Posted on Thurs, 2 February 2017 by Alyson Thomas
Posted in: Medal News
Malta Police The personal touch

IT IS with sadness that we hear of the passing of Phil Burman (see “News and Views”, page 6) one of the “Old Guard” of the medal hobby—a familiar face to those of us who have attended medal shows in the past few decades and a true gentleman in the best possible sense of the word. Phil would have seen a great number of changes in his years as a dealer, not least the advent of the internet; the new technology was something he embraced fully with his own dedicated website but never at the expense of the personal touch. Although the inevitability of aging slowed Phil down a little, and in recent years he simply couldn’t get to as many medal fairs as he used to, he always made an effort to attend at least the two Britannias and the OMRS Convention every year and I remember him telling me how important he felt it was to engage directly with his customers and how much he enjoyed it. He never shied away from new technology (even if he wasn’t directly responsible for its implementation in his business himself) but he never saw it as a complete alternative to dealing with his customers direct. He knew how important it was to “get out there” and keep his profile high amongst collectors and in the hobby at large and he viewed the internet as complementary to rather than in conflict with that aim. It is because of this attitude that he was a real person, someone we knew and respected, someone we saw at shows, chatted with and who felt was our friend—and it is why he will be missed by many of us. I do hope that he, and the others of the “Old Guard” aren’t the only ones who will be missed in the future, it worries me sometimes that as medal shops go, as fairs become fewer and more and more business moves on-line that we (indeed every hobby) is in danger of becoming impersonal, faceless and soon, when somebody “well known” in the hobby finally fades away, they won’t be that missed or mourned simply because they weren’t actually that well known at all, at least not by anything other than a funny user name or by their website address, as all their collecting/dealing and other interaction was done from behind a PC or tablet and never in person.

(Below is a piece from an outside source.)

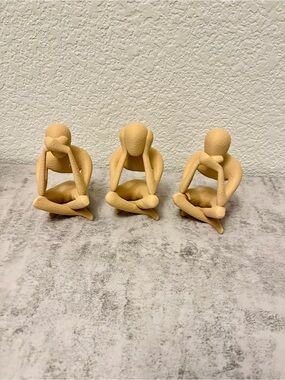 Set of 3 Sandstone Beige Abstract Sitting Figurines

I don’t want to be maudlin for the first “Comment” of 2017 but I do want to try, once again, to encourage all of you out there to look beyond your computer screens and look at the hobby at large—Mark Carter is just about to take over London’s only medal fair, Britannia, so why not go along and visit? Or if you don’t want to head into the West End then go to the Bromley Fair on February 26 (you could do both of course!). If you can’t make it to London at all then get to Stratford in March or Aldershot in April. Not in the Midlands or the South? No problem! What about Andrew Jukes’ Outwood (Wakefield) show on the first Sunday of every month or the one at Bowburn on March 26? And don’t just restrict yourself to fairs—there are some wonderful medal shops out there still too—the Medal Centre in Hexham, DCM Medals in Shrewsbury, The London Medal Company in, er, London and a host of others. Maybe auctions are your thing, that’s great too but why not go along in person one of these days? Why not actually handle the lot you intend to bid on rather than just rely on a photograph? And then there are medal clubs and societies—don’t rely just on chat rooms to talk medals, go along to a meeting, go and hear some speakers talk to likeminded collectors in person!

Now I’m not, for one second, suggesting you shy away from on-line activities altogether (at least medal related ones!), far from it—I myself go on the medal forums, buy from on-line auctions, regularly check medal dealers’ websites etc., my hobby has been greatly enhanced by the internet but I am determined not to make it all about the computer—I know I’ve said this before, and I know I’ll say it again but I love this hobby, I really do, and for me it isn’t just about the acquisition of medals and the research that follows, it’s about the people, the fellow collectors, the friends I’ve made over the years—people I will miss greatly when they are gone. We always say we medal collectors differ from our numismatist counterparts in that we don’t just collect bits of metal but people and their stories—we would do well to remember that there are also people and stories all around us in the hobby today, let’s not lose sight of that, or them, just because it’s easier to stay at home and stare at a screen.